Ketika ditanya apa harapan yang paling ingin dicapai di tahun 2018? Jawaban saya singkat: bahagia. Sebab apapun profesi yang dilakoni, sesukses bagaimanapun di bidang karir, dan seluas apapun interaksi sosial, tujuan akhirnya adalah kebahagiaan.
Dan kebahagiaan itu bisa diperoleh bahkan melalui hal-hal yang sepele: hobi koleksi perangko atau meme yang lucu-lucu. Namun logikanya dapat ditingkatkan: bila hal-hal sepele saja bisa membahagiakan, tentu banyak hal tidak sepele yang lebih berpotensi membahagiakan.
Dan artikel ini tidak akan mengulang perdebatan klasik terkait defenisi bahagia dan kebahagiaan, yang tetap masih sangat debatable. Namun mari melihatnya melalui perspektif yang sederhana dan praktis.
Pertama, saya yakin, hampir semua orang sepakat bahwa ada tiga variabel utama untuk menggapai dan memaksimalkan kebahagiaan: sehat (jasmani-rohani), berkecukupan dan pergaulan. Bahasa kerennya: kesehatan, ekonomi dan interaksi sosial yang positif. Dan tiga variabel ini saling berkaitan secara simultan.
Kedua, jika tetap bisa berbagaia dengan berpenyakitan, kan mestinya lebih bisa berbahagia bila tanpa penyakit. Memang betul bahwa realitas kehidupan jaman now, sulit menghindari penyakit, akibat pola makan, makanan yang tidak sehat, polusi dan beban kehidupan yang semakin kompleks.
Tapi logikanya ditingkatkan: jika pun penyakitan, jangan yang berat-beratlah. Sebab jika tetap bisa berbahagia dengan mengidap penyakit berat (jantung, ginjal, stroke dan sejenisnya), kan mestinya lebih bisa berbahagia bila cuma demam biasa, batuk dan filek ringan. Solusi untuk berbagai kemungkinan sehat-sakit itu cuma satu: hidup dengan pola sehat, hindari berbagai faktor yang memicu penyakit.

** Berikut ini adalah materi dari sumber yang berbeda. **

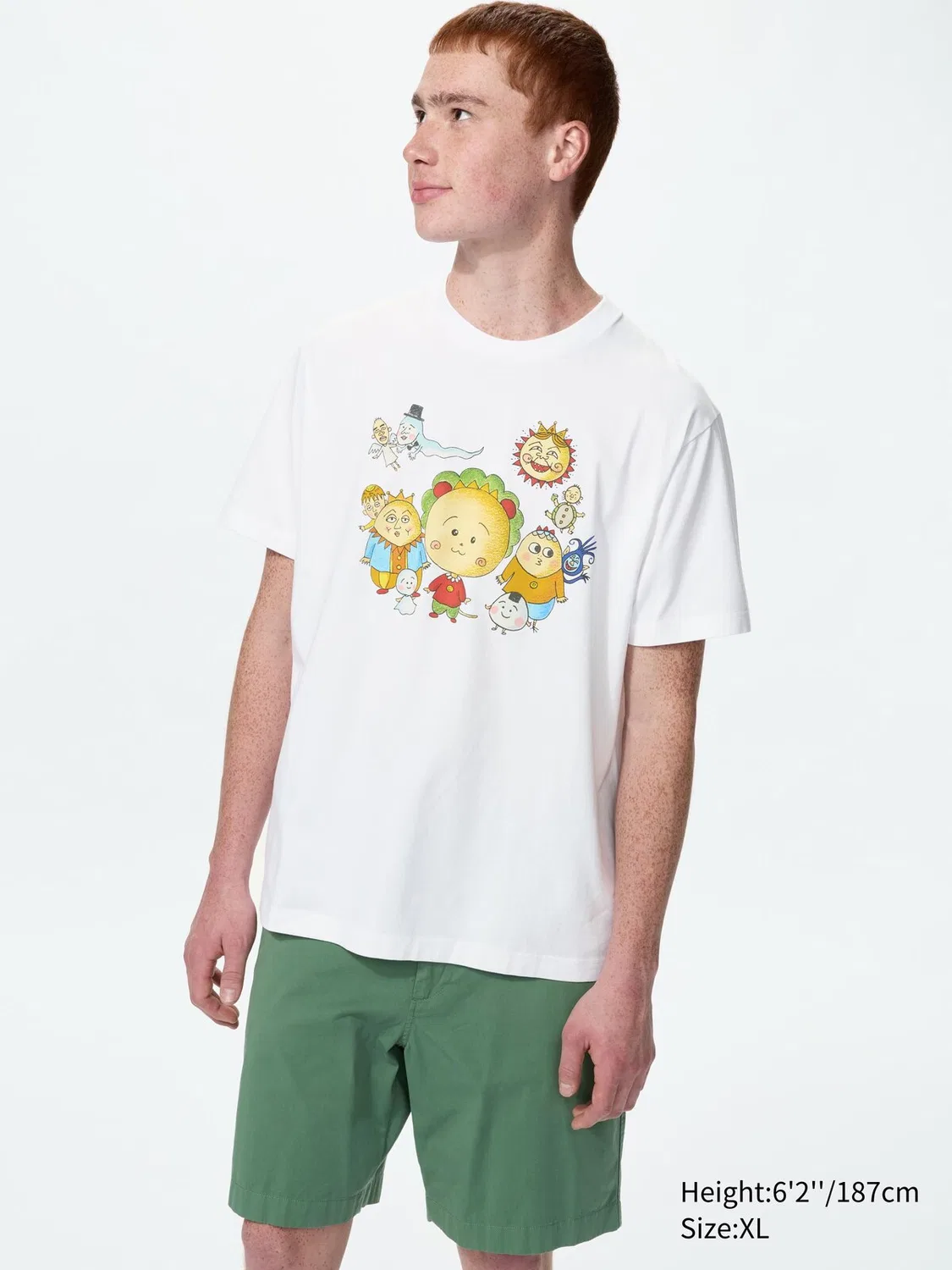 Футболка Uniqlo Manga ut shueisha 100th, с рисунком манги Shueisha 100th, белый — фото 2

Ketiga, jika benar tetap bisa berbahagia dengan kemiskinan, logikanya, kekayaan tentu lebih berpotensi untuk membahagiakan.
Dan kekayaan berlimpah tanpa bisa menikmatinya juga dapat menjadi sumber kesengsaraan. Sulit membayangkan seorang yang kaya dapat menikmati kebahagiaan bila di sisa hidupnya harus meringkuk di penjara akibat terjaring Operasi Tangkap Tangan (OTT) oleh KPK (Komisi Pemberantasan Korupsi, akibat korupsi.
Ada ungkapan klasik: waktu muda, bisa makan apa saja, tapi nggak punya duit untuk membelinya. Begitu sudah kaya dan mampu beli makanan apa saja, giliran dokter yang minta mengindari pantangan makanan ini itu.
Jika tetap bisa berbahagia dengan berutang, kan mestinya bisa lebih berbahagia jika tidak berutang. Tapi realitas modern jaman now memang tidak mungkin lagi hidup tanpa berutang. Oke, tapi logikanya ditingkatkan: bila tetap bisa berbahagia dengan banyak utang, kan mestinya akan lebih berbahagia bila utang sedikit. Dan untuk dua kemungkinan itu, solusinya satu: jangan atau hindari berutang.
Keempat, dalam pergaulan, bila mampu berbahagia meski dimusuhi oleh banyak orang, kan mestinya lebih bisa berbahagia bila hidup tanpa musuh. Memang sih, mustahil hidup tanpa musuh. Tapi kalau bisa berbahagia dengan 10 musuh, kan mestinya lebih bisa berbahagia jika cuma menghadapi satu-dua-tiga musuh saja. Solusinya: hindari perilaku yang memicu permusuhan, dan selalu melebarkan spektrum persahabatan.